The Great Below

living the feeling life

Love and work 1947

Woman’s Hour recently ran a feature on romantic relationships at work. Some companies are apparenty so worried about legal issues arising from workplace romances that they ban them outright. But as people spend most of their days at work, and often share interests or inclinations with those they meet there, it’s not surprising that it is also a place where many find love.

When my mother was twenty, she got a job in a design and engineering company in West London. She was taken on as secretary to a man in his forties, married with two school-age children, and at some point during the three years she worked there, they became lovers. Looking at it in hindsight, we might consider this relationship to be inappropriate, or even an abuse of power, but for my mother it was her first, and possibly only, experience of falling deeply in love.

I always knew about this man – that he had been married (my mother said unhappily), that he had eventually left her and gone to Australia, that she had been heartbroken.
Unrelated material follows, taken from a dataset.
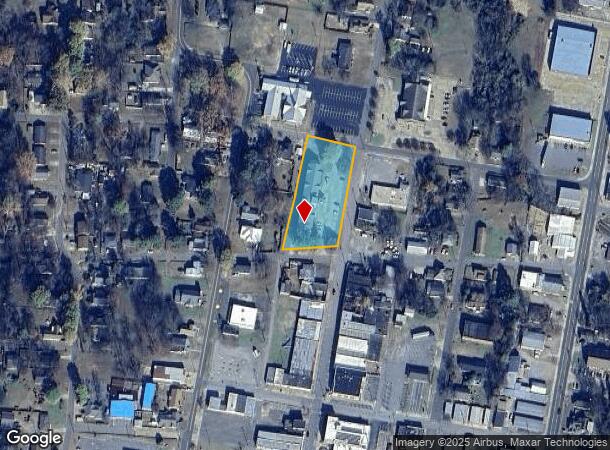  401 N Moose St, Morrilton, AR Parcel Map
But recently I found a ‘short story’ that my mother had written some time later, after briefly meeting up with him again, that revealed the intensity of her feelings for him – a passion of mind, body and soul. Two years later, she was still devastated and grieving at the loss of this love, and very much attached to him in her heart, though fully aware that he would never be hers: “Oh dear God what shall I do, what shall I do – will I never be free, will the chain always be with me?”

So was he also in love with her, as she believed, or taking advantage of the beautiful, intelligent and besotted young woman he saw every day? Maybe it was something in between. Divorce was less common in those days, and he must also have been painfully conscious of the huge age gap between them, which clearly didn’t matter to her. He resolved the situation by taking a job halfway round the world and moving there with his family.

Before he left, he wrote my mother a glowing reference, which she, of course, typed up. By this time, she was no mere secretary, but ‘Chief Assistant of the Experimental and Research Department’. He notes that she “posseses an intelligence far above the average” and that “with an outstanding talent in draughtsmanship and a natural flair for modern design” she is “well-equipped for work in the experimental field.” It goes on in this vein for a while. At twenty-one, she might have seemed to have a glowing future ahead of her, but she left the firm at the same time as him, and returned to more mediocre clerical jobs.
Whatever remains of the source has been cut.